Today’s letter from a reader asks this question. Stay with me as I answer this –
QUESTION FROM A READER:
My biggest obstacle was finding a product that I felt delved into things on a deeper level, with explanation, instead of just “don’t be too easy“, in a nebulous sense.
My results are still; pending … but I am very impressed with your program thus far.
Specifically, I liked the explanation of WHY men behave think as they do.
I wish there were more information about when a man (who is an ex-boyfriend), is stringing me along.
He will take me on very nice dates and treat me like a lady, yet he wants to play the field. I won’t hear from him for a few weeks, then he comes along again.
The problem lies in that we have already slept together and have a fantastic time together on an intimate level YET he is non-committal still.
Am I just a booty call? How do I backup from giving him sex, since we have already engaged in it?

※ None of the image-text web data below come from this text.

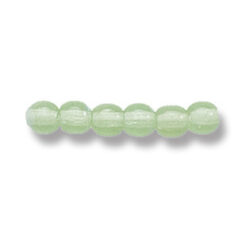 Bead, Preciosa Czech Druk Glass, 4mm Round Bead, Transparent Peridot with AB coating (Hole Size 0.9mm)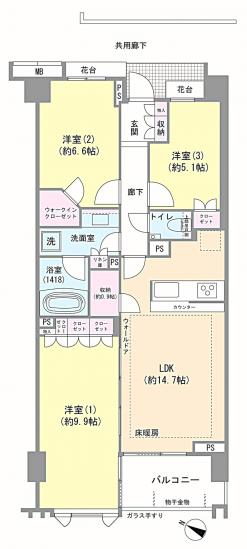 横濱紅葉坂レジデンス　参番館-1-間取図(平面図)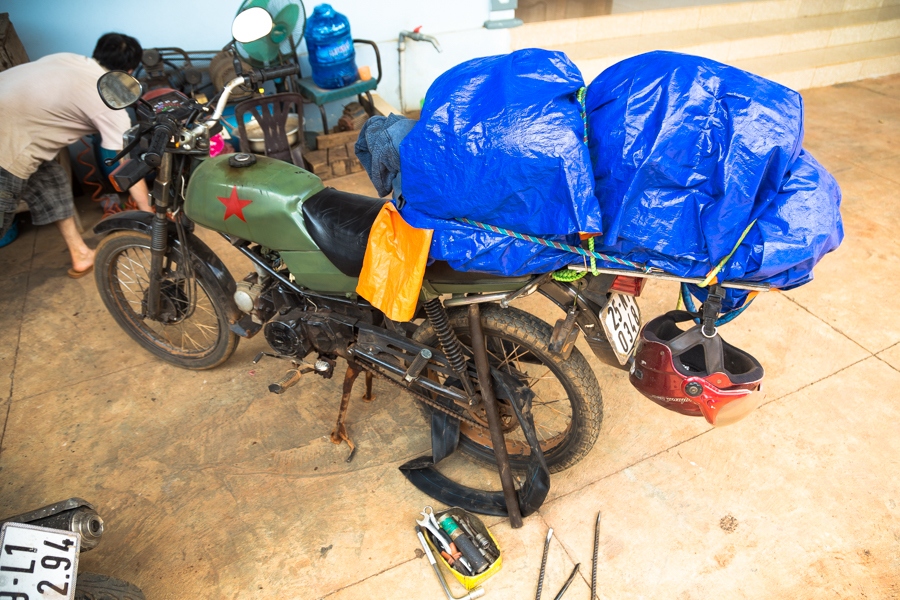 flat tire motorbike vietnam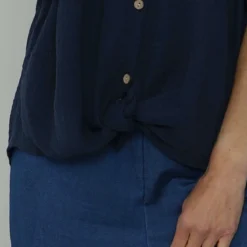 Giulia Crinkle Cotton Shirt Navy -Kitandkaboodal Store IMG 8953 f646e083 bdad 4985 91c5 aaae85d1f33e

Meaning, would it be odd to suddenly cut him off (ie, what excuse can I use?) Please help!!!
______________________
CARLOS CAVALLO ANSWERS:
I get that question a lot…
“How do I backup from giving him sex, since we have already engaged in it?“
It’s interesting if you think about it, because many women feel that when they’ve crossed that invisible barrier, they must now give him everything.
And that it would be odd to suddenly cut him off…
What would he say!
Oh, goodness!
Well, honestly, it’s your choice. If you wanted to – and I’m not saying to do this – you could just say:
“Look, I’m only interested in having an intimate relationship with a guy that wants an intimate relationship with me. When we’re there, we can see what happens…“
Playful smile, kiss on the cheek, move on to next subject.
(The crowd gasps…)
What?
Too harsh?
Look, that’s exactly the kind of boundary a man respects. And – curiously enough – the kind of boundary that makes him stand up, take notice, and reassess his own control over the relationship.
You see, right now, he’s got all the control.
He gets the sex…
He gets to play the field…
He gets to have the relationship HE wants because he has all the control.
Here’s how you could do it if you felt that setting that boundary now would be too harsh:
Slow it down.
That’s right, slowly apply the brakes on things.
Turn him down after one of those long breaks between booty calls and tell him you’ll ‘get back to him.’
Give him a kiss good night after one of those “nice dates” and tell him you’ve got a big day tomorrow… can’t spend the night.
Look, I know, you want the intimate time with him as much as he does. We’re not living in the repressed 1950s where people still think that women don’t absolutely DEVOUR their sexual experiences.
And if that was all you wanted from this, I’d say, go for it!
But it’s NOT.
You want more, and you deserve more.
And the only way you get that is to follow the plan I give you in Forever Yours that will turn this thing back around into him chasing you again.
Desperate to be with you…
And then you can decide if he’s your Mr. Right or not.
If you keep acting from this place of scarcity – pining away for him and then jumping at the chance to go out with him – even if it’s a blast and a lot of fun – you’re seriously undermining the natural structure that signals a man that he should try to win you over – forever.
I’ve given you the complete plan: Forever Yours. When you said results are still ‘pending,’ I think that means you haven’t finished it yet.